◆ **Exercise**:
The reply should hold every line of the listing exactly, and none of its images.
[Data section Boundary: Start]
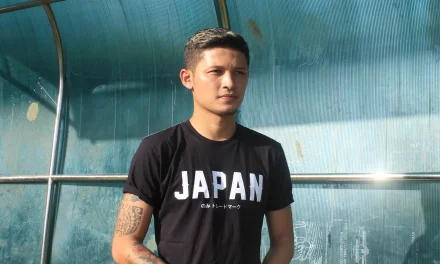 Pemain Sepakbola Indonesia Seorang Samsir Alam
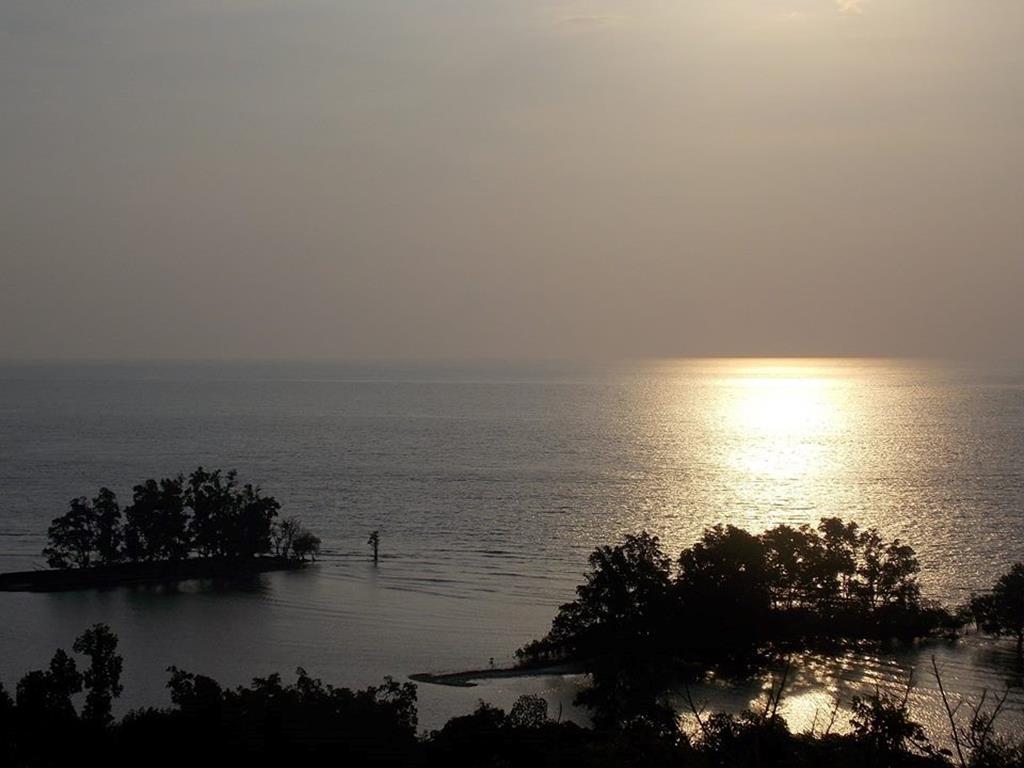 Mercusuar Sumare, 1. Tanjung Ngalo Mamuju, 2. Mercusuar Sumare, 3. Pantai Manakarra, 5. Pantai Palippis, 6. Kampung Nelayan, 7. Wisata Pantai Mangrove Ampallas, 8. Puncak Mamuju City, 9. Pulau Karampuang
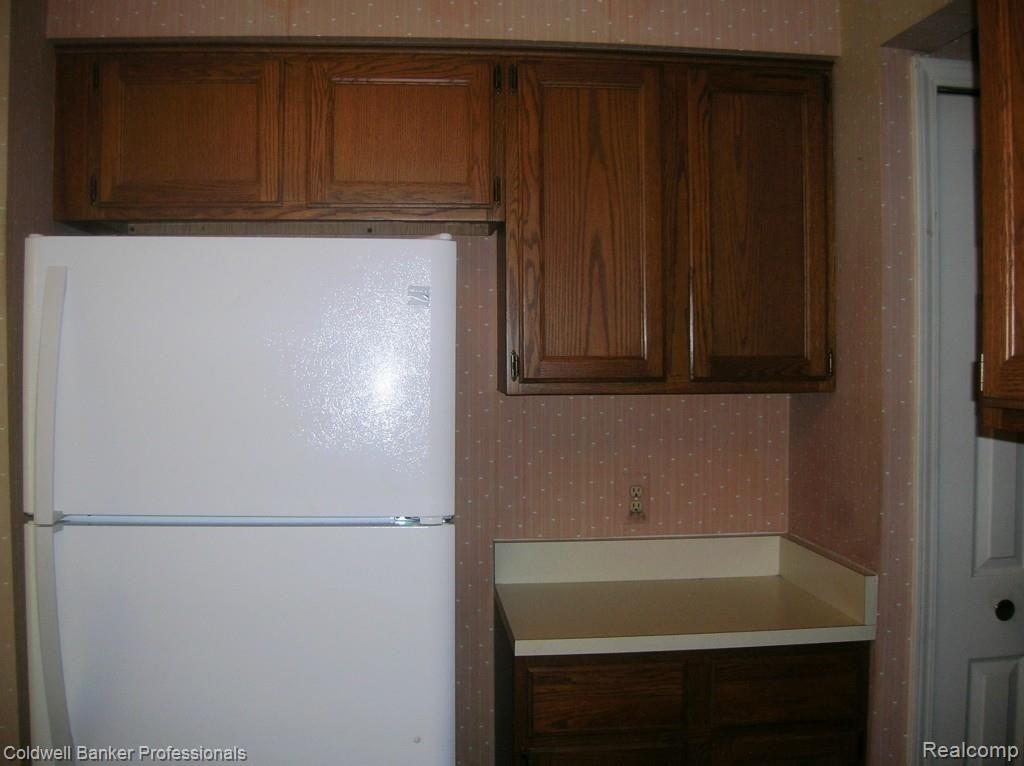 27880 Evergreen Road, Unit 19 Lathrup Village, MI 48076 - Photo 13 of 31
[Data section Boundary: End]
◆ **Task solution**:
 Pemain Sepakbola Indonesia Seorang Samsir Alam
 Mercusuar Sumare, 1. Tanjung Ngalo Mamuju, 2. Mercusuar Sumare, 3. Pantai Manakarra, 5. Pantai Palippis, 6. Kampung Nelayan, 7. Wisata Pantai Mangrove Ampallas, 8. Puncak Mamuju City, 9. Pulau Karampuang
 27880 Evergreen Road, Unit 19 Lathrup Village, MI 48076 - Photo 13 of 31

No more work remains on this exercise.